Le commerce de GNL de la Russie avec la Chine atteint un record, les acheteurs ignorant les sanctions
Diya Poddar
22 déc. 2025, 10:29 AM
  • La Russie a dépassé l’Australie pour devenir le plus grand fournisseur de GNL de la Chine après le Qatar au cours du mois.
  • La Chine a commencé à prendre des cargaisons issues du projet Arctic LNG 2 en août, bien que la production hivernale soit limitée.
  • La Chine n’a pas importé de GNL américain depuis février, les entreprises diversifiant leurs sources et gérant les volumes contractés.

Le commerce de gaz naturel liquéfié de la Russie avec la Chine a atteint un nouveau pic en novembre, soulignant comment les variations des prix et de l’approvisionnement transforment les flux énergétiques asiatiques malgré la présence de sanctions occidentales.

Les chiffres douaniers publiés ce week-end montrent que les acheteurs chinois augmentent leurs achats à mesure que des cargaisons moins chères deviennent disponibles, contribuant à augmenter l’ensemble des importations pour la première fois depuis plus d’un an.

Selon un rapport de Bloomberg, cette hausse reflète également la réorientation plus large de Moscou vers les marchés asiatiques, la demande européenne restant limitée après l’invasion de l’Ukraine.

Pour la Chine, cette tendance met en lumière une approche pragmatique axée sur le coût, la flexibilité et la diversification entre les fournisseurs à une époque de demande intérieure inégale et de changements dans les schémas commerciaux mondiaux.

Entrées record vers la Chine

Les livraisons de GNL russe à la Chine ont plus que doublé par rapport à l’année précédente pour atteindre 1,6 million de tonnes métriques en novembre, selon les données douanières, note Bloomberg.

Cette augmentation a été suffisamment importante pour que la Russie dépasse l’Australie et devienne le plus grand fournisseur de GNL de la Chine après le Qatar durant le mois.

Le changement de classement illustre à quelle vitesse les flux commerciaux peuvent s’ajuster lorsque les écarts de prix s’ouvrent, en particulier sur un marché aussi vaste et flexible que celui de la Chine.

Cette hausse des volumes coïncidait avec une reprise plus large des importations chinoises de GNL.

Le total des achats a enregistré une augmentation annuelle pour la première fois depuis plus d’un an, après une longue période durant laquelle la faible demande a limité les achats.

La tarification stimule la demande

Le GNL russe était le moins cher parmi les 12 fournisseurs vendus à la Chine en novembre.
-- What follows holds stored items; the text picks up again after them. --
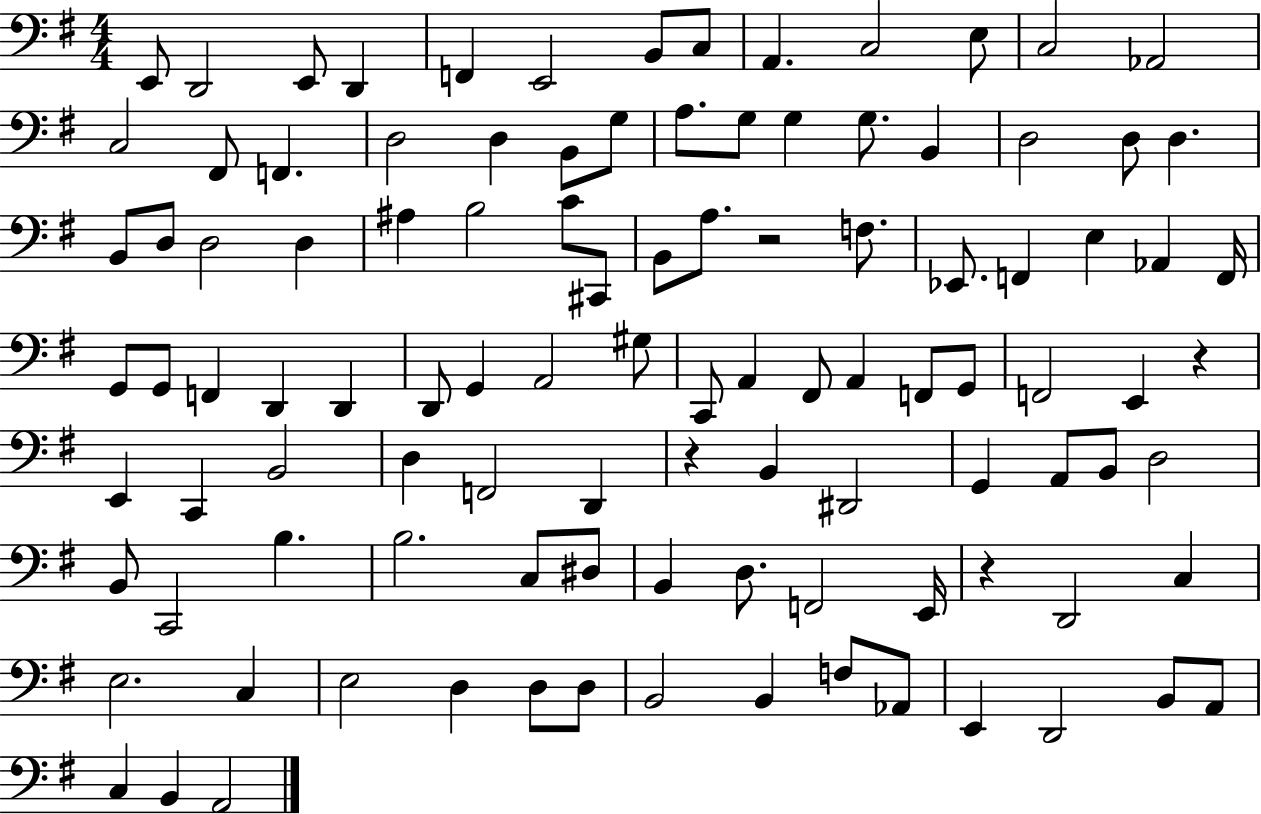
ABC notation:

X:1
T:Untitled
M:4/4
L:1/4
K:G
E,,/2 D,,2 E,,/2 D,, F,, E,,2 B,,/2 C,/2 A,, C,2 E,/2 C,2 _A,,2 C,2 ^F,,/2 F,, D,2 D, B,,/2 G,/2 A,/2 G,/2 G, G,/2 B,, D,2 D,/2 D, B,,/2 D,/2 D,2 D, ^A, B,2 C/2 ^C,,/2 B,,/2 A,/2 z2 F,/2 _E,,/2 F,, E, _A,, F,,/4 G,,/2 G,,/2 F,, D,, D,, D,,/2 G,, A,,2 ^G,/2 C,,/2 A,, ^F,,/2 A,, F,,/2 G,,/2 F,,2 E,, z E,, C,, B,,2 D, F,,2 D,, z B,, ^D,,2 G,, A,,/2 B,,/2 D,2 B,,/2 C,,2 B, B,2 C,/2 ^D,/2 B,, D,/2 F,,2 E,,/4 z D,,2 C, E,2 C, E,2 D, D,/2 D,/2 B,,2 B,, F,/2 _A,,/2 E,, D,,2 B,,/2 A,,/2 C, B,, A,,2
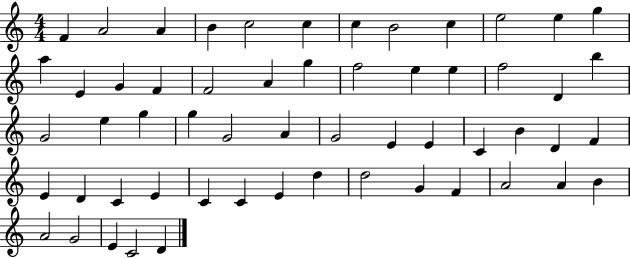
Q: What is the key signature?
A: C major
Les données douanières montrent que les prix étaient environ 10 % inférieurs à la moyenne, à 9,85 $ le million d’unités thermiques britanniques.

Cette remise a été un levier clé pour Moscou alors qu’elle cherche à maintenir les volumes d’exportation tandis que les marchés européens traditionnels restent largement fermés.

Les cargaisons à prix réduit ont aidé la Russie à compenser la baisse des livraisons de pipelines et de GNL vers l’Europe, qui était son plus grand acheteur pendant des décennies avant la guerre en Ukraine.

En rivalisant agressivement sur les prix sur le plus grand marché gazier d’Asie, la Russie a pu s’assurer une part de marché même si les risques de sanctions persistent.

La Chine a commencé en août à importer du GNL issu du projet homologué de GNL 2 arctique russe via le terminal isolé de Beihai, selon Bloomberg.

Cependant, des défis opérationnels subsistent. L’installation Arctic LNG 2 a dû réduire sa production car la glace hivernale complique les exportations, limitant le volume pouvant atteindre les acheteurs pendant les mois froids.

Ces contraintes mettent en lumière les risques logistiques liés aux projets nordiques russes, même si la demande en provenance de l’Asie augmente.

Changement de répartition des fournisseurs

La Chine n’a pas importé de GNL des États-Unis depuis février.

Cette pause reflète une combinaison de frictions commerciales et de faiblesse de la demande intérieure.

Parallèlement, les grandes entreprises énergétiques chinoises diversifient de plus en plus leurs sources d’approvisionnement pour gérer les risques et les coûts.

Les entreprises nationales tentent également de revendre certains volumes contractés de GNL sur les marchés mondiaux.

Cela est généralement plus facile avec les contrats américains, qui n’incluent généralement pas de clauses de destination, offrant ainsi aux acheteurs une plus grande flexibilité pour rediriger les cargaisons lorsque les besoins domestiques s’atténuent.